§ RECORDS SUPPLIED
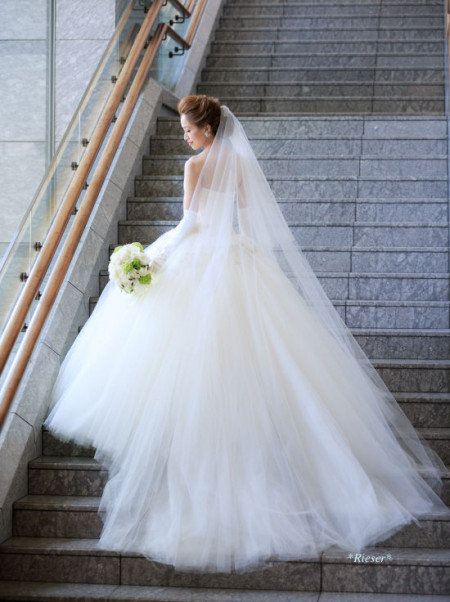 Wedding dress, Bride, Gown, Dress, Clothing, Bridal clothing, Bridal accessory, Photograph, Bridal party dress, Shoulder, 
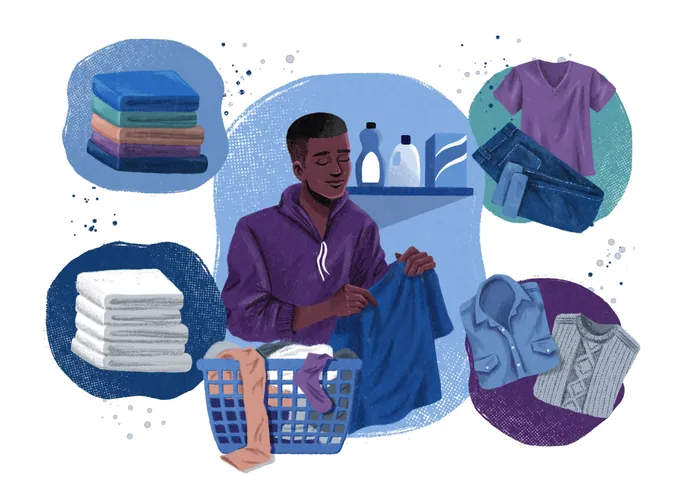 Man folding clothes surrounded by laundry items and clothing stacks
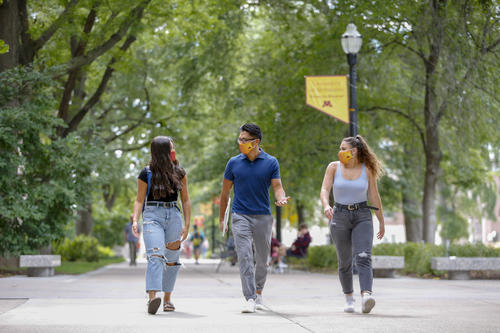 Three students, wearing masks to mitigate the spread of COVID-19, talk as they walk together along the sidewalks of the Northrop Mall on the Twin Cities campus
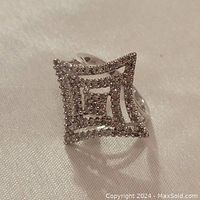 Front view of 10K white gold dinner ring showing concentric square openwork top with pave-set diamonds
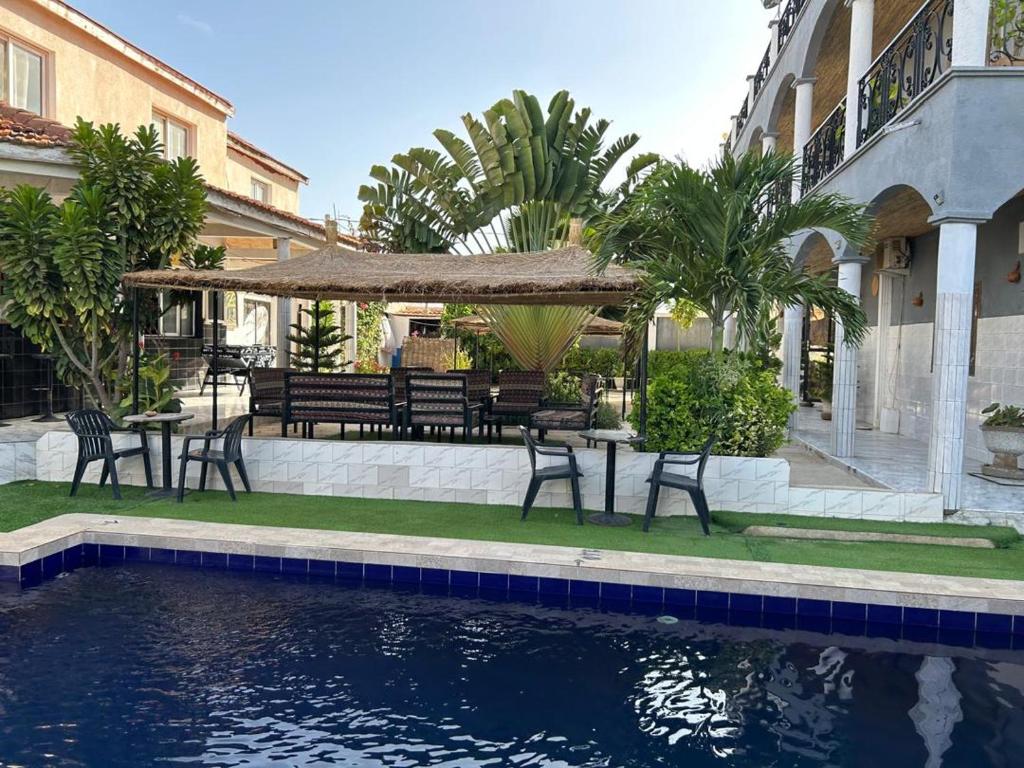 a patio with a table and chairs next to a pool at Jozene House in Ngaparou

§ WORK TASK
Output the records above exactly as written, but leave out the pictures.

§ TASK ANSWER
 Wedding dress, Bride, Gown, Dress, Clothing, Bridal clothing, Bridal accessory, Photograph, Bridal party dress, Shoulder, 
 Man folding clothes surrounded by laundry items and clothing stacks
 Three students, wearing masks to mitigate the spread of COVID-19, talk as they walk together along the sidewalks of the Northrop Mall on the Twin Cities campus
 Front view of 10K white gold dinner ring showing concentric square openwork top with pave-set diamonds
 a patio with a table and chairs next to a pool at Jozene House in Ngaparou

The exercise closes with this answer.